Exercise directions> Give back exactly the lines of the material below that start at the line containing "Louis Vuitton Looping" and end at the line containing "GPA0.8（個別スタンプ：8）", and no others.

##### Dataset #####

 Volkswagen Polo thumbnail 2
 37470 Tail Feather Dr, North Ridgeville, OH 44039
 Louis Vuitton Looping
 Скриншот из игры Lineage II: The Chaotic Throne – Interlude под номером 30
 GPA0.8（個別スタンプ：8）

#####
##### Dataset #####

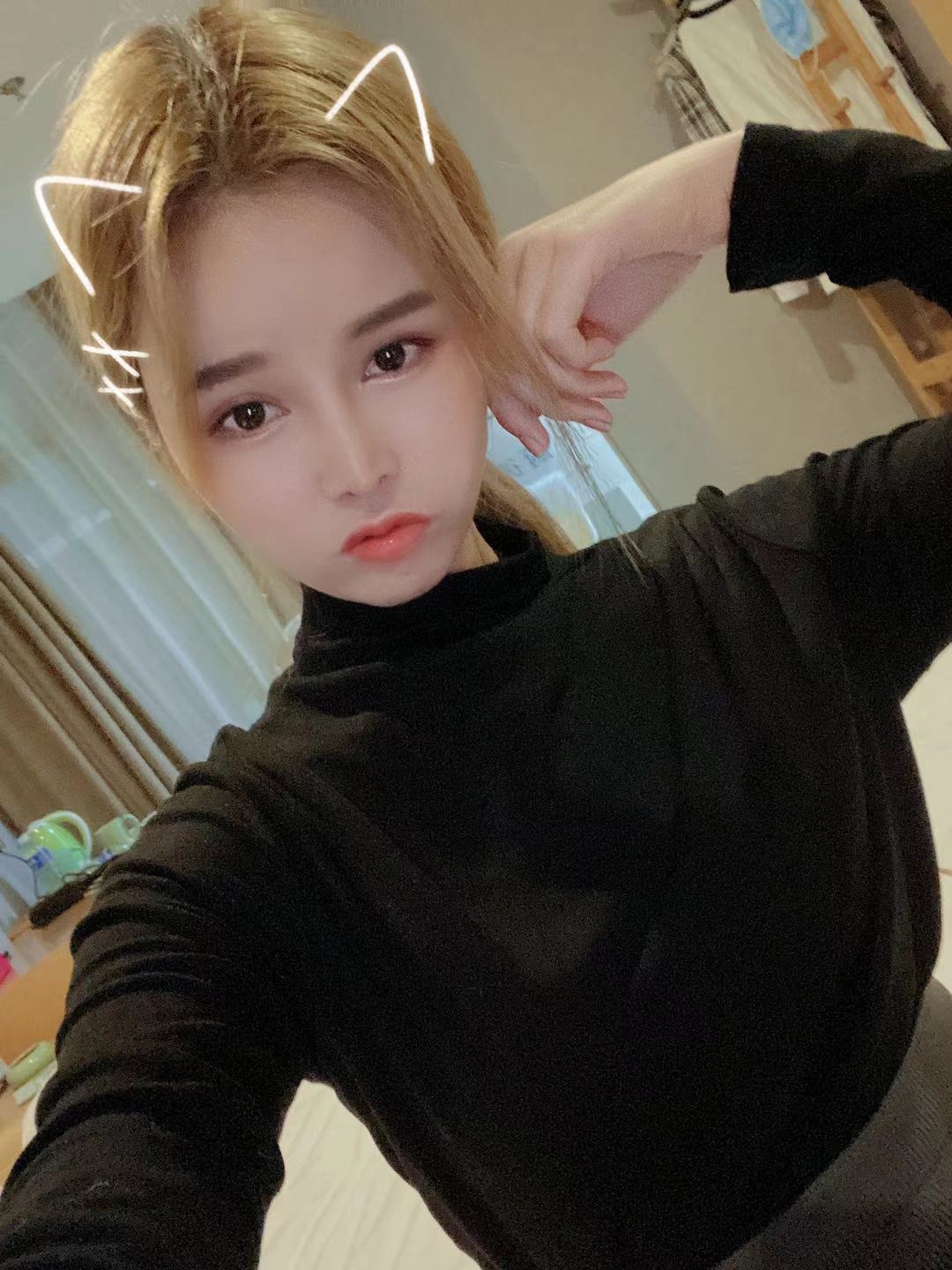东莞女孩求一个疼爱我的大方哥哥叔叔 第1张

#####
##### Dataset #####

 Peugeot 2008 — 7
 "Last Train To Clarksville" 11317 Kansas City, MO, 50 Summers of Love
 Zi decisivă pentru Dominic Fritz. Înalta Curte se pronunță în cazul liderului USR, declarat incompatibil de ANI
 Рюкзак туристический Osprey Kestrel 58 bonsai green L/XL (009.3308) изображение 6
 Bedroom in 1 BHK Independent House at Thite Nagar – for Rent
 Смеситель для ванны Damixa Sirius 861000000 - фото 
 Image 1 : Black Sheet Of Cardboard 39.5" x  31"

#####

Written response>
 Louis Vuitton Looping
 Скриншот из игры Lineage II: The Chaotic Throne – Interlude под номером 30
 GPA0.8（個別スタンプ：8）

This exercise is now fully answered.